LaCTF24 - Glottem

5 minute read

Challenge description:

# ./glottem flag? lactf{no_idea} incorrect

The challenge presents a flag checker script written in a mixture of JavaScript and Python. The objective is to reverse engineer the obfuscated code to understand its functionality and generate the correct flag that will pass the verification.


Source code:

glottem is the bash script that takes one single string as input to verify, locally, if it corresponds to the flag. The script contains all the code necessary to perform the check:

  1. The script makes use of Here Documents https://en.wikipedia.org/wiki/Here_document to generate sections of a source code file that are treated as if they were a separate file. These temporary files are then executed on the fly. You can locate the start and the end of these streams by their delimiters: 1<<4201337 and 4201337
  2. Users are prompted to input a flag via read -p "flag? " flag.
  3. The flag is than passed as parameter to a script executed by both a python and javascript interpreter. This part of the script contains the main verification logic and the code is structured to make it possible to be run by both interpreter. This has been acheived thanks to the clever positioning of the comment delimeters that prevent the javaScript interpreter from evaluating python code and vice versa.
  4. If both execution of the code return 1, the flag is correct and the script prints correct.
 1#!/bin/sh
 21<<4201337
 31//1,"""
 4exit=process.exit;argv=process.argv.slice(1)/*
 54201337
 6read -p "flag? " flag
 7node $0 "$flag" && python3 $0 "$flag" && echo correct || echo incorrect
 81<<4201337
 9*///""";from sys import argv
10e = [[[...],[...],...],...,[[...],[...],...]]
11alpha="abcdefghijklmnopqrstuvwxyz_"
12d=0;s=argv[1];1//1;"""
13/*"""
14#*/for (let i = 0; i < s.length; i ++) {/*
15for i in range(6,len(s)-2):
16    #*/d=(d*31+s.charCodeAt(i))%93097/*
17    d+=e[i-6][alpha.index(s[i])][alpha.index(s[i+1])]#*/}
18exit(+(d!=260,[d!=61343])[0])
194201337

Reversing the algorithm

Let’s focus on the second part of the script containing the js and python code.

  • A 3-dimensional matrix e is created containing apparently random numbers
  • the alphabet and the letters order is saved in alpha
  • the user input is moved in the variable s and the variable d is set to zero.

Then, what follows are two “nested” loops that modify the value of d based on the characters in s.

Because of the different intepreters, the 2 for loop are not really nested and their execution is copletely indipendent. Their execution takes place in 2 entirely different context with 2 different instances of d and s.

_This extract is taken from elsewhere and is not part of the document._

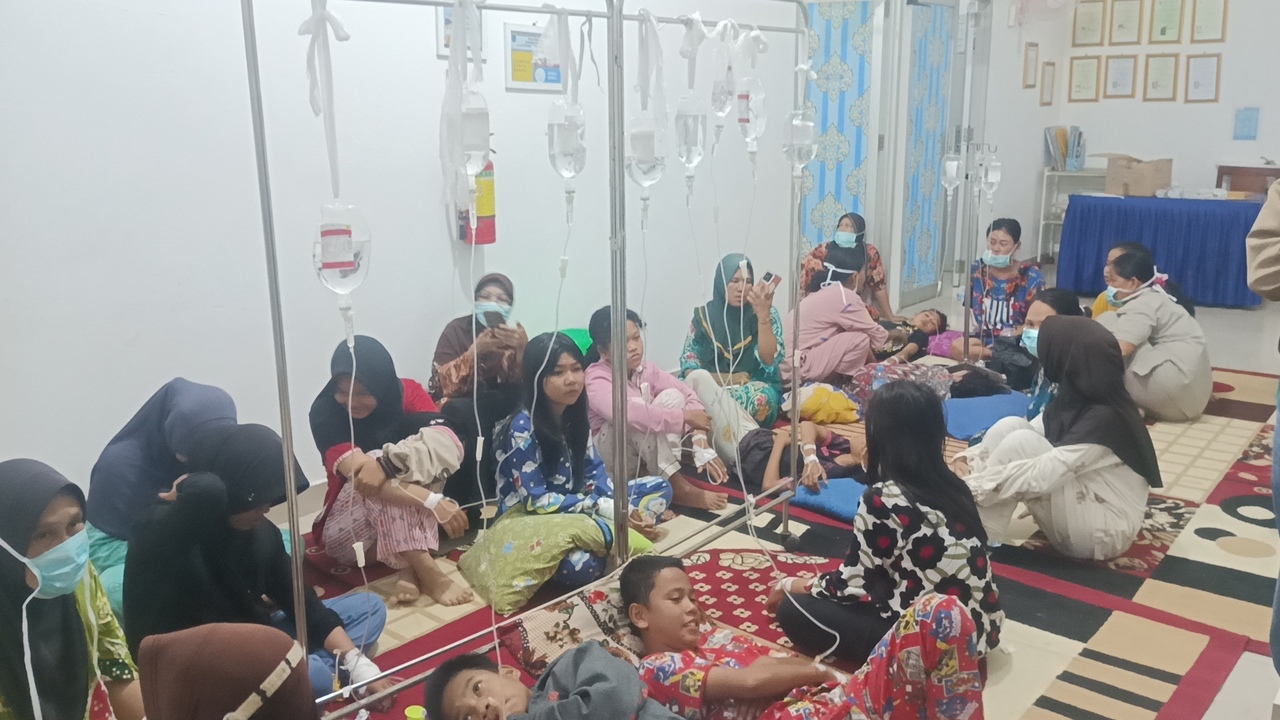 Diduga Keracunan Makanan dari Program MBG, Belasan Pelajar di Pedamaran OKI Dilarikan ke Puskesmas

If we convert the Javascript part into equivalent Python code we get the following 2 distinct loops:

1# first loop converted from js to python
2for i in range(0, len(s)):
3    d1=(d1*31+ord(s[i]))%93097
4
5# second loop already in python
6for i in range(6,len(s)-2):
7    d2+=e[i-6][alpha.index(s[i])][alpha.index(s[i+1])]#*/}
  1. The first loop generates a hash based on the input string. It iterates through each character of the string using a for loop. For each character, its ascii value is obtained using the ord() function. This value is then added to the current value of the hash multiplied by 31. This step effectively accumulates the contribution of each character to the overall hash value. To prevent the hash value from growing excessively large and to maintain consistency in the range of hash values, a modulo operation is performed after each update. This operation ensures that the hash value remains within a predefined range, specified by the modulus 93097. The flag hash has to be equal to 61343.

  2. The second loop iterates through a subset of characters in s starting from index 6 and ending two characters before the end of the string (skipping lactf{ and } ) . Within the loop, d is updated by accessing elements of e using indices derived from character pairs in s. The character at index i and its succeeding character at index i+1 are mapped to their positions in the alphabet using alpha.index() to determine the indices for accessing e. The retrieved values from e are then added to d, accumulating the contributions of the selected character pairs to the hash value. The algorithm concludes after iterating through the specified character range, resulting in the final hash value stored in d. Such value has to be equal to 260 in order for the flag to be valid.


Solution:

Understanding the 2 hash algorithms helps us find weak points that could lead us to quickly recover the flag.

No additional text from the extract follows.